After lunch, Grace and I swam out again. There was a single coral that looked like an enormous brain, as big as a VW Beetle. As if my eye was now trained, I saw a crown-of-thorns starfish on top of another coral, busy chomping away, too hungry to wait for night. I tried to dive closer, snorkel in hand, but my ears couldn’t take the depth. Grace and I dipped into a small cavern and found ourselves inside a shoal of thousands of electric-blue fish. They shivered around us, then up came a second shoal of slightly bigger turquoise fish and a third shoal of larger green fish with pink threaded scales.
We floated in a trance.
I found that when I waved my hand through the water, the small electric-blue fish would swing away, triggering the next shoal to shift, and so on. I started to move my body like a conductor, using tiny movements to press against and shimmer the shoals, bringing them back, then away, rounding in on them, and pausing so that they would flood back up from the depths. At first we didn’t notice the corals getting closer to the surface, the tide going out, inching towards our flippers. Then we heard the boat sound its horn. Grace and I had been in the fish shoals for nearly two hours. We looked at each other, put our heads down and pretended not to hear the blast. I started to swim the other way and the horn blasted again. I saw Grace turn reluctantly and swim in. I kept going.

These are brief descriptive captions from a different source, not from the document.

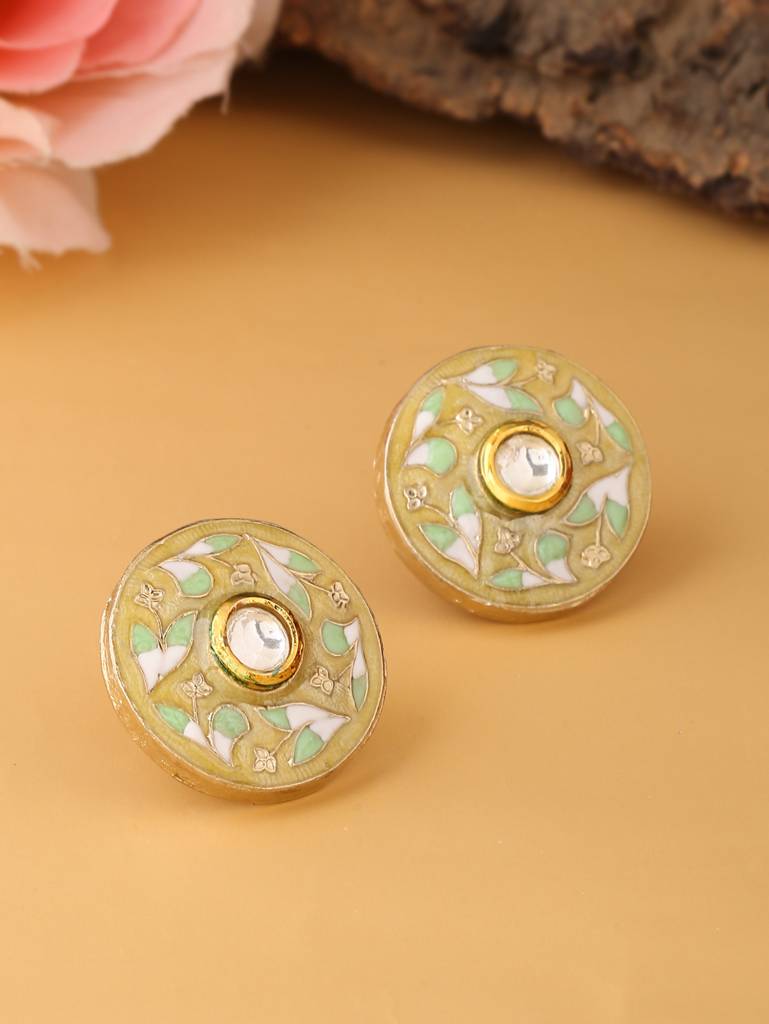 Handcrafted 18K Gold Plated Meena Yellow Round Studs : ABMJE21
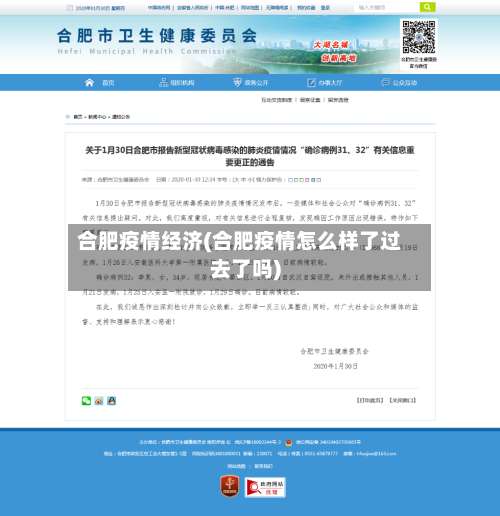 合肥疫情经济(合肥疫情怎么样了过去了吗)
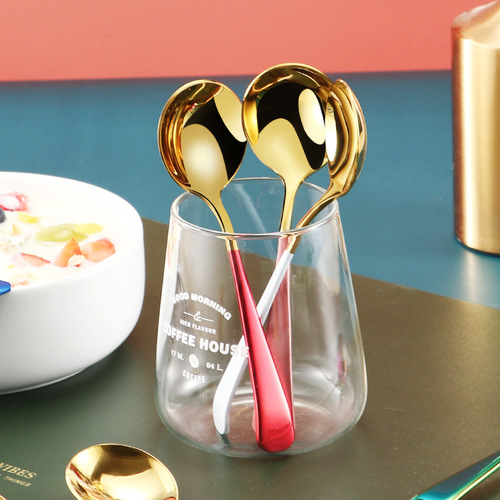 Spoon creative cute 304 stainless steel household Internet celebrity European short-handled spoon children's eating spoon small spoon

“One more minute,” we used to scream to our parents beckoning from the beach as waves curved behind us, lifting our tiny bodies into the air before throwing us down, pushing us deep until the air left our chests and then letting us go – when we would wriggle and kick up to the surface, hair tossed like seaweed, bathers at times in a tangle around our ankles, and we would scream, again, “One more minute!” I heard the horn blast a third time and I knew this time it was just for me.
One more minute, I thought, and dived deep, scanning, trying to swallow it all with my eyes: the coral, the chunky fish with knobbled brows, the crackling sound I imagined was the invisible machinery of crustaceans. There was the absence, too, for I’d felt it, despite my lack of expertise. There’d been turns, spooky corners where Grace and I ought to have come face-to-face with a creature, an unnerving marine intelligence, but there’d been nothing. I swam to the lip of the boat and took off my mask and snorkel, leaving it on the metal shelf and went under one more time. A little ritual.